Christmas movies and my (mild) obsession with A Christmas Carol
Geoff and I enjoyed watching Red One last night on Amazon Prime. It was an action/myth/fantasy/holiday movie with a lot of laughs and a few warm and fuzzy moments-- including a gruffly fond statement made by Krampus.
What? Yeah-- if you haven't seen it, give it a look. If you have Prime, it's free to watch.
Usually, I have a full schedule of Christmas movies I watch in a pretty regular order, but this year, I'm just not feeling it. Maybe I need some new movies. Last year I didn't, because it didn't feel like Christmas-- we were on hold, for weeks. That's not the same feeling this year, but the result is the same: I'm kind of bored with the old standards. I don't like a lot of contemporary movies-- too much glitz, not enough story, and too much focus on the commercial end of things. I suspect that's why I liked last night's movie-- no shopping, no gift buying, just saving Santa and saving Christmas, and while they were at it, saving a boy's relationship with his father. Add in some really great special effects and some wickedly cool costumes... and yeah, it was a good movie.
That's not to say I won't be watching some of my favorites, but not as many as I used to. I used to watch my way through all the versions of A Christmas Carol; some are musical, some a little silly, but most of them are pretty good. Except that animated Jim Carrey debacle-- that one flat-out stinks, imho. (The same level of stinkage that they brought to the animated version of Beowulf-- it was awful.).

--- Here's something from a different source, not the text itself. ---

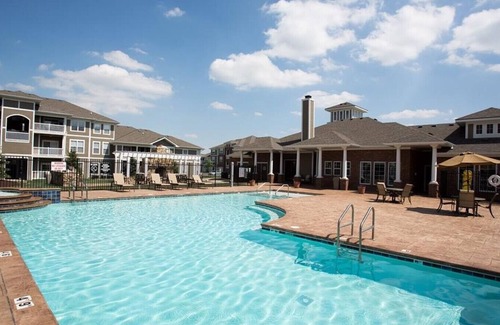 Fort Wayne Apartment | Landing at Oak Crossing Apartments - 2 Bedrooms in Downtown Fort Wayne
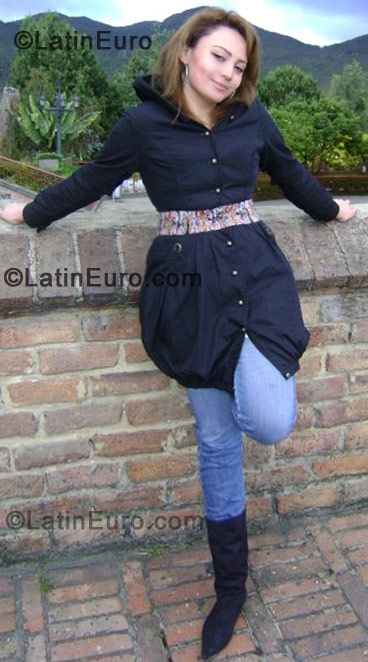 Date this beautiful Colombia girl Gloria Fernanda from Bogota CO316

I'm pretty particular, and I have pros/cons to say about most efforts: I love the Muppets one, I like most of the George C. Scott version, I don't mind singing along with the Albert Finney one. I didn't really like the one with Susan Lucci, and I was okay with the Kelsey Grammer one. I don't mind the Bill Murray version. I own the Rankin and Bass version of The Stingiest Man in Town, mostly for the music. I even have the Mr. Magoo animated one. The one I love? Patrick Stewart's beautiful rendition; it is really faithful to the text, and he is an amazing actor. I used to listen to the tape I had of his one-man show, and then the film came out. My students will be watching that one.
I guess I have a small obsession? Maybe. Ultimately, though, I love the idea of redemption for the main character. I really just wish that the story was not fiction, at least, not the method of conversion that Scrooge undergoes. There are just so many people hurting and planning to hurt those who are already struggling-- such unfairness, such mean-spiritedness, such evil is beyond my ability to understand it:
Oh! But he was a tight-fisted hand at the grindstone, Scrooge! A squeezing, wrenching, grasping, scraping, clutching, covetous old sinner! Hard and sharp as flint, from which no steel had ever struck out generous fire; secret and self contained and solitary as an oyster. The cold within him froze his old features, nipped his pointed nose, shrivelled his cheek, stiffened his gait; made his eyes red, his thin lips blue; and spoke out shrewdly in his grating voice. A frosty rime was on his head, and on his eyebrows, and his wiry chin. He carried his own low temperature always about him; he iced his office in the dogdays; and didn't thaw it one degree at Christmas.
I could start naming names, people I'd like to nominate for a proper ghost-intervention. I suppose you would have much the same list.
Have a good day, and keep an eye on the people who feel forgotten. There are so many.